United States District Court, M.D. Florida, Tampa Division

March 27, 2018

DAVOL, INC. and C.R. BARD, INC., Defendants.



         This matter comes before the Court pursuant to Plaintiffs Barbara Hamblen and Herbert Hamblen's Motion to Strike Defendants' Affirmative Defenses (Doc. # 32), filed on January 19, 2018. Defendants Davol, Inc. and C.R. Bard, Inc. responded on February 2, 208. (Doc. # 37). For the reasons that follow, the Motion is denied.

         I. Background

         On December 14, 2005, Barbara Hamblen was implanted with Defendants' hernia repair patch. (Doc. # 15 at ¶ 42). Ms.
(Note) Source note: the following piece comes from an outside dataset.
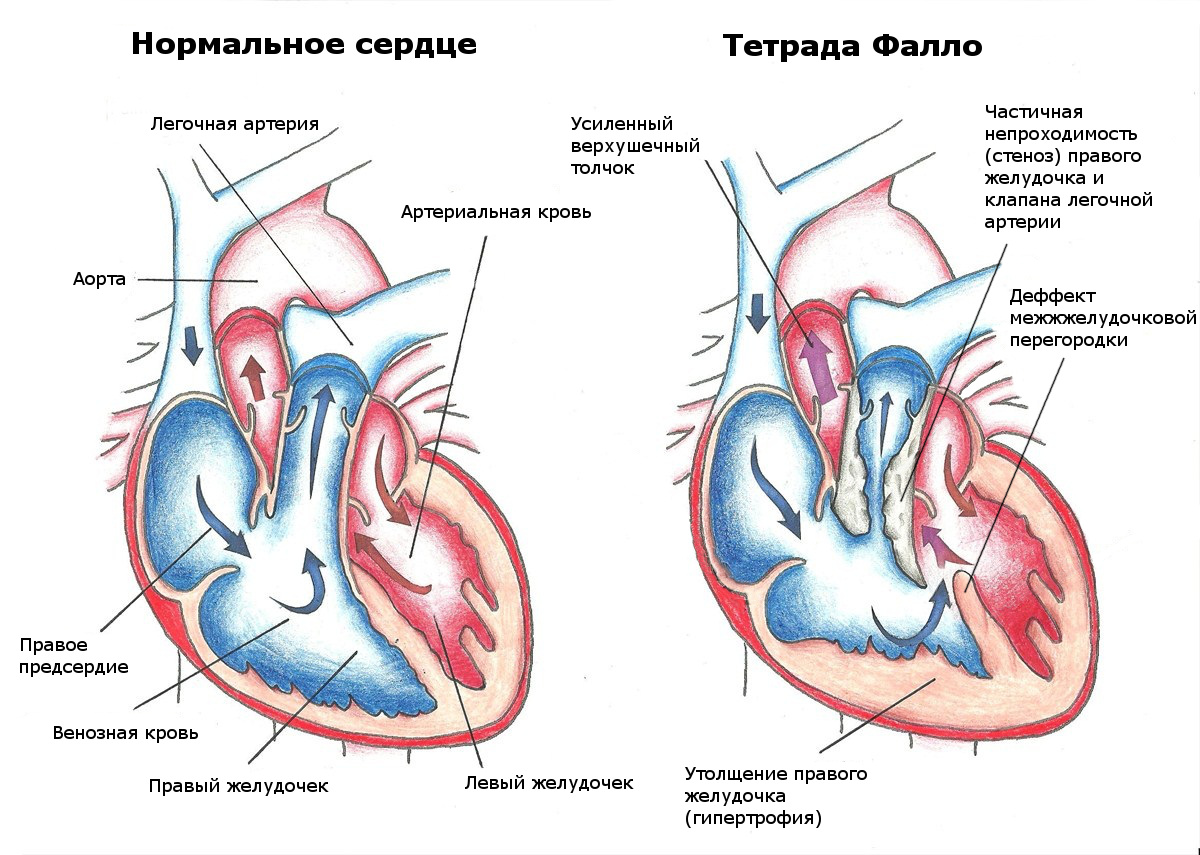 Лечение тетрады Фалло: способы, этапы, рекомендации врачей1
Hamblen claims the patch was defective and caused her various injuries, including “years of severe abdominal pain.” (Id. at ¶ 67). Ms. Hamblen underwent an operation on July 10, 2013, to remove the patch. (Id. at ¶ 68). Ms. Hamblen, together with her husband, Herbert, initiated this personal injury action on July 3, 2017. (Doc. # 1). The Hamblens filed an Amended Complaint on September 26, 2017, asserting the following claims: negligence (count 1); strict liability (count 2); failure to warn (count 3); negligent misrepresentation (count 4); fraud (count 5); and loss of consortium (count 6). (Doc. # 15). The Amended Complaint, spanning 46 pages, is set forth in exacting detail. It describes with particularity the alleged defects in the patch (such as plastic ring breaking, mesh migration, mesh oxidation, improper welding, and inadequate instructions for use), as well as FDA activity, such as product recalls applicable to the patch.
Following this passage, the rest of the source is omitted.